Ölümsüzlük

Mezopotamya'daki Uruk şehrinin kralı Gılgamış, tanrıların gazabı sonucu yakın arkadaşı Enkidu'nun ölümüne tanıklık eder. Bu olaya çok üzülen ve kendi akıbetiyle ilgili derin bir endişeye kapılan Gılgamış ölümsüzlüğü aramak için çetin bir yolculuğa çıkar. Bu yolculuk onu Büyük Tufan'dan kurtulan ve kendisine ölümsüzlük bahşedilmiş olan Utnapiştim'e götürür. Gılgamış burada bazı sınavlara tabi tutulur fakat başarılı olamaz ve kendisine ölümsüzlük bilgisi verilmez. Teselli olarak da, gençlik ve güç veren "yaşam otu"nun yeri söylenir. Gılgamış, bu otu denizin dibinden çıkarır ama dönüş yolunda bir yılan otu yer ve Gılgamış bundan da mahrum kalır.

Gılgamış ve Enkidu
        
Gılgamış'ın bu hazin hikayesine devam edeceğiz ama önce, ölümsüzlük hakkında neler biliyoruz, onlara bir bakalım.

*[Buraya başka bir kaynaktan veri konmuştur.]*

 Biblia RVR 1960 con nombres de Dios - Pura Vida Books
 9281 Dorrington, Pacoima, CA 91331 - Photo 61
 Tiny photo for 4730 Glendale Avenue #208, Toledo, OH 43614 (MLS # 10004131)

Ölümsüzlük konusunda kafa yormuş, Platon başta olmak üzere birçok filozof mevcut. Ölümsüzlük kavram olarak felsefe, mistisizm ve teolojinin ilgi alanlarına giriyor. Yunan, Roma, Mısır gibi farklı toplumların mitolojilerinde de oldukça yaygın olarak işlenmiş bir konu. Günümüzde, bir insanın ölümsüzlüğü hedeflemesi oldukça gerçek dışı kabul edilir. Bununla birlikte, şimdi değineceğim hikaye, insanoğlunun güncel arzularına temel oluşturuyor.

Mitolojide konu edilen tanrılar ölümsüzdürler ve bazıları da ölümsüzlüğü bahşetme gücüne sahip olarak bilinirler. Yunan ve Roma mitolojilerinde geçen, şafak tanrıçası Eos'un hikeyesi anlatılır. Eos bir ölümlü olan, yakışıklı Tithonus'a aşık olur. Eos mükemmel bir vücuda sahiptir ve ölümsüzdür. Tithonus'un bir zaman sonra yaşlanacağına ve öleceğine çok üzüldüğü için tanrılar tanrısı Zeus'a gidip, sevgilisi Tithonus'a ölümsüzlük bahşetmesi için yalvarır. Zeus bu isteği kabul eder ve Tithonus ölümsüz olur. Fakat bir sorun vardır. Tithonus ölümsüz olmasına ölümsüzdür ama sürekli yaşlanmaya devam eder. Eos, Tithonus'un yaşlanmamasını dilemeyi unutmuştur ve sevgilisinin beğendiği haliyle sonsuza dek yaşama hayali suya düşmüştür.

Eos ve Tithonus

Zeus, ölümsüzlük konusunda her zaman bu kadar bonkör olmamıştır. Yunan mitolojisine ait başka bir hikayede, Asklepeios usta bir hekim olarak yetişmiş ve hatta ölüleri bile diriltmeyi başarmıştır. Ölümsüzlüğün yayılmasına kızan Zeus, Asklepeios'u yıldırımlarıyla öldürmüştür.

Günümüzde de insanların hayal ettikleri gerçek anlamda ölümsüzlük değil fakat geç yaşlanmaktır. Yani uzun yaşamak! İşte bununla ilgili bir kısmı uçuk, büyük kısmı bilimsel birçok çalışma yapılmaktadır.

Neden yaşlandığımızı açıklamak için günümüze kadar ortaya yaklaşık 300 adet hipotez atıldı. Biogerontolog Steven Austad'a göre, açıklamalardan biri öne çıkıyor: "En önemli şey üreme. Yaşlanıyoruz, çünkü bedenlerimizi kusursuz biçimde onarmak doğanın işine gelmiyor. Önemli olan bizi mümkün olduğu kadar üreyebilir durumda tutmak, sonra da bedenlerimizin çürüyüp gitmesine izin vermek."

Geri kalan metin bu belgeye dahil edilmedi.